Lower down are entries containing pictures. Copy exactly, without those pictures, the lines from the line with "Sulfation occurs when" through the line with "Step 3: Click".

## Entries provided
· · · ·
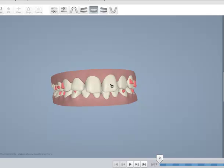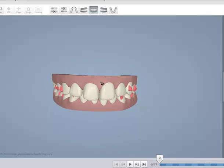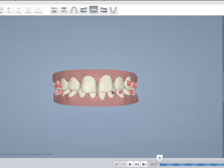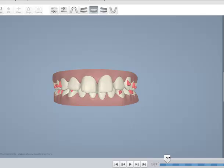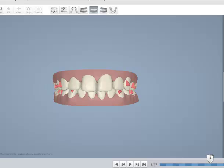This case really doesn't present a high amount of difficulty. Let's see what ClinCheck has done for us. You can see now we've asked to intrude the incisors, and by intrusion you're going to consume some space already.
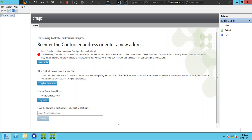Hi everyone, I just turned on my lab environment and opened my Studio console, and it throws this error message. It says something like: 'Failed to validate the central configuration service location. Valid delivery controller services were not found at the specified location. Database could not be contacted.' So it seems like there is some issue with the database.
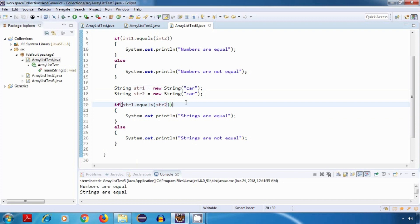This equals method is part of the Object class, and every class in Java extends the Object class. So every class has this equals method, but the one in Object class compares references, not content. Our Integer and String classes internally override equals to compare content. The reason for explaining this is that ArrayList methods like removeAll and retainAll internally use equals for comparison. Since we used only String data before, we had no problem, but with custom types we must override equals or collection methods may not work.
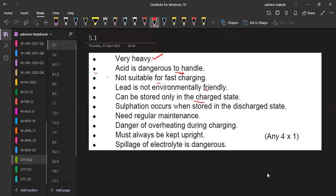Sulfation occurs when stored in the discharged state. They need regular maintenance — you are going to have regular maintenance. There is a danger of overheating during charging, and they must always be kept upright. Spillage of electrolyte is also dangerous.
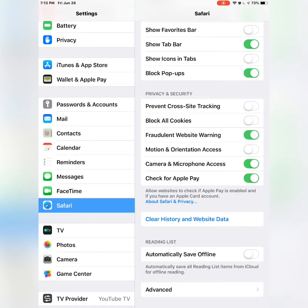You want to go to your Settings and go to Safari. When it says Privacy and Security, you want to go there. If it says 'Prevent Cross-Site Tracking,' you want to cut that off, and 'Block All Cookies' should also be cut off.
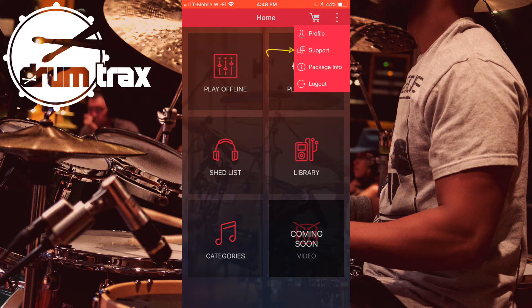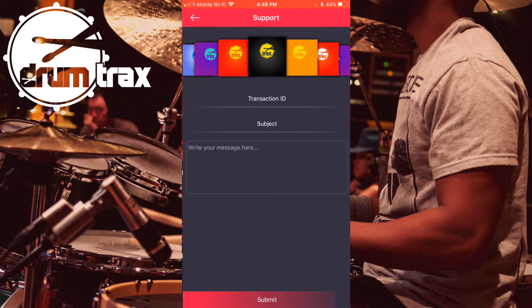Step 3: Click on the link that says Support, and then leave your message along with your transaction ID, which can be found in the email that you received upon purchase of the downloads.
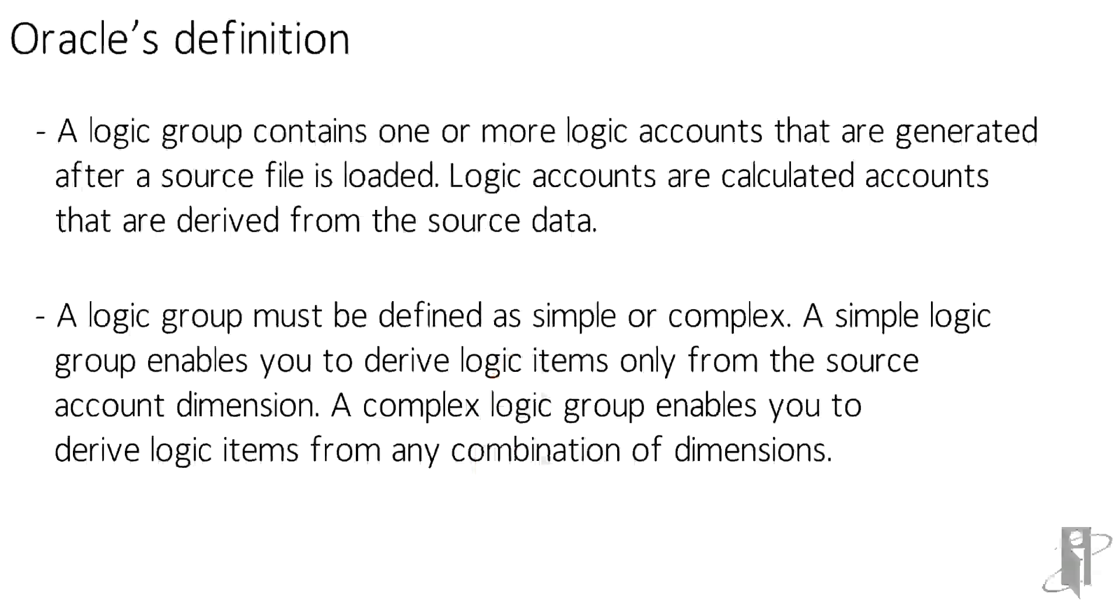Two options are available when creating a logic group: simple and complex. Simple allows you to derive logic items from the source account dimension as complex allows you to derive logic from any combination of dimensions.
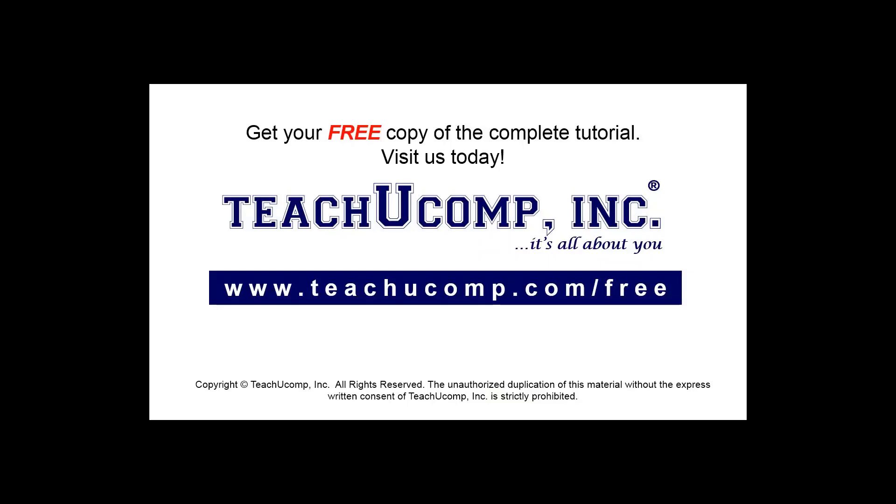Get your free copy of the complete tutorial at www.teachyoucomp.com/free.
· · · ·
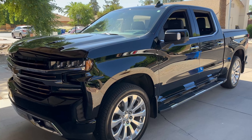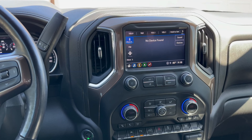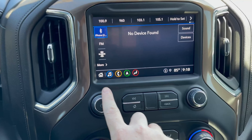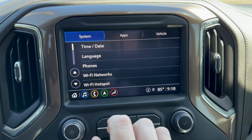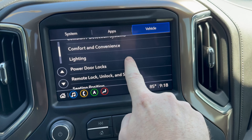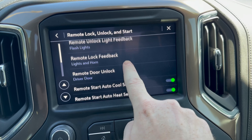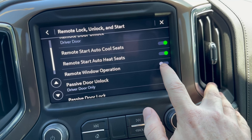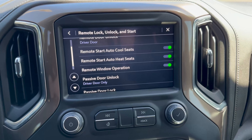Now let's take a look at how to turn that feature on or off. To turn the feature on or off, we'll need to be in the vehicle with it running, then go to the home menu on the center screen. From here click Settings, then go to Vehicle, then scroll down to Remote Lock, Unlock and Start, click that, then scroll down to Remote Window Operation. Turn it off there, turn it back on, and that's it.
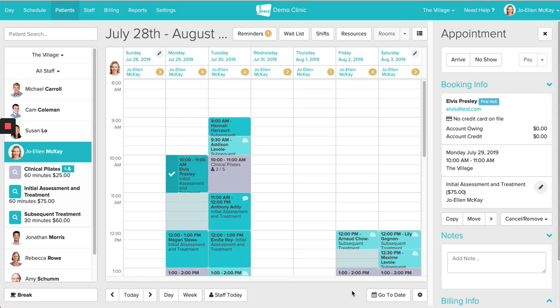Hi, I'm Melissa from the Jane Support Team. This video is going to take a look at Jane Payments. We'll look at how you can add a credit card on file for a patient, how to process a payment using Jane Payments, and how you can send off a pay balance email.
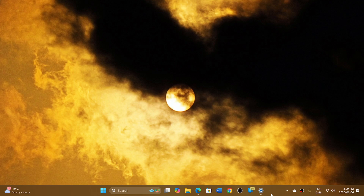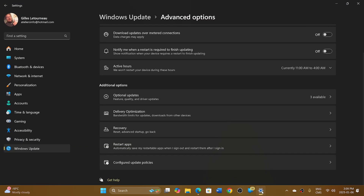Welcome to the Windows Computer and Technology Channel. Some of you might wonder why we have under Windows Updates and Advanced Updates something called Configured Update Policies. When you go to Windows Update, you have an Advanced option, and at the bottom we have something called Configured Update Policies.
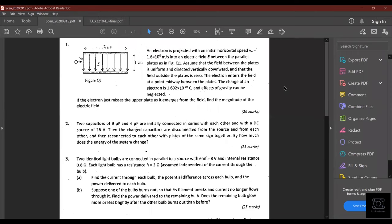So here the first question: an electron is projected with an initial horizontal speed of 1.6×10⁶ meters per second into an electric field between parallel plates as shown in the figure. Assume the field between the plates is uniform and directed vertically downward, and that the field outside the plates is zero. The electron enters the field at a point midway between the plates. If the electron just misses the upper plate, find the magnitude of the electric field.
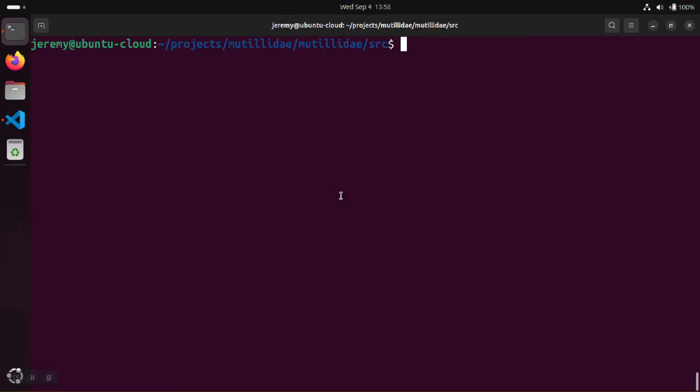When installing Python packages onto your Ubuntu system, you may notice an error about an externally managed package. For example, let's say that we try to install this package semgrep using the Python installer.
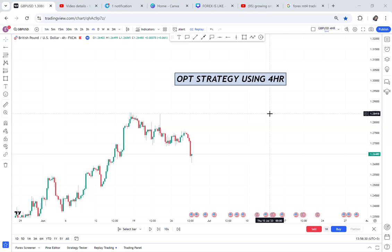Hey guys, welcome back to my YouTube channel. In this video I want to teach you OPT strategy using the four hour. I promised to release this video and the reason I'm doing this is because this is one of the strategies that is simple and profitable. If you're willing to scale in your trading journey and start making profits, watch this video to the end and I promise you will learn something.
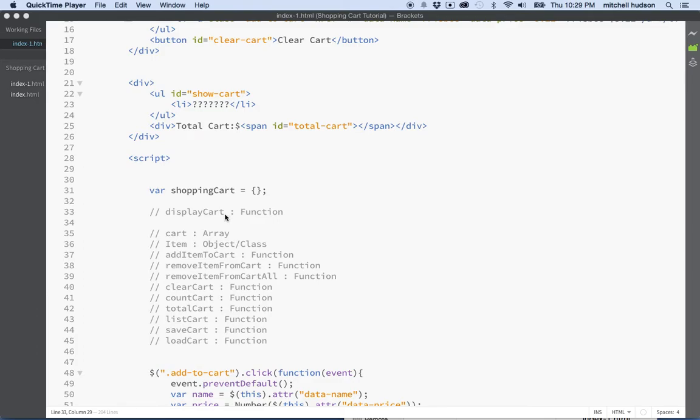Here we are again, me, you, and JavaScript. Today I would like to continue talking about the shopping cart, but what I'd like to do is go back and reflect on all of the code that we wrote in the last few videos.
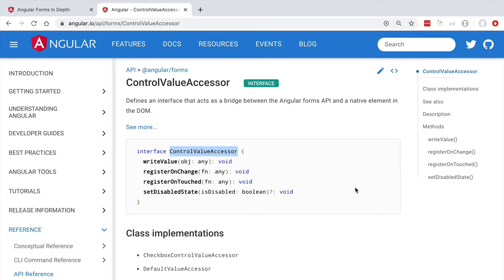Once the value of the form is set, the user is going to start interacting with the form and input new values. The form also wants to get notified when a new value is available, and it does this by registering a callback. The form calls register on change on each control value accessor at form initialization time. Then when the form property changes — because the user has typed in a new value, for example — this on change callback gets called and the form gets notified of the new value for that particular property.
· · · ·
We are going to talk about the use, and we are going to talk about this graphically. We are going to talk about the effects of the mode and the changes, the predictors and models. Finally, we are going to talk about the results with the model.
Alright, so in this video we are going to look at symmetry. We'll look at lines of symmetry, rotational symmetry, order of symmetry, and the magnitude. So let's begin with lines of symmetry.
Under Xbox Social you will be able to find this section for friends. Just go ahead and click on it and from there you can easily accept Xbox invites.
· · · ·
## Written solution
Sulfation occurs when stored in the discharged state. They need regular maintenance — you are going to have regular maintenance. There is a danger of overheating during charging, and they must always be kept upright. Spillage of electrolyte is also dangerous.
You want to go to your Settings and go to Safari. When it says Privacy and Security, you want to go there. If it says 'Prevent Cross-Site Tracking,' you want to cut that off, and 'Block All Cookies' should also be cut off.
Step 3: Click on the link that says Support, and then leave your message along with your transaction ID, which can be found in the email that you received upon purchase of the downloads.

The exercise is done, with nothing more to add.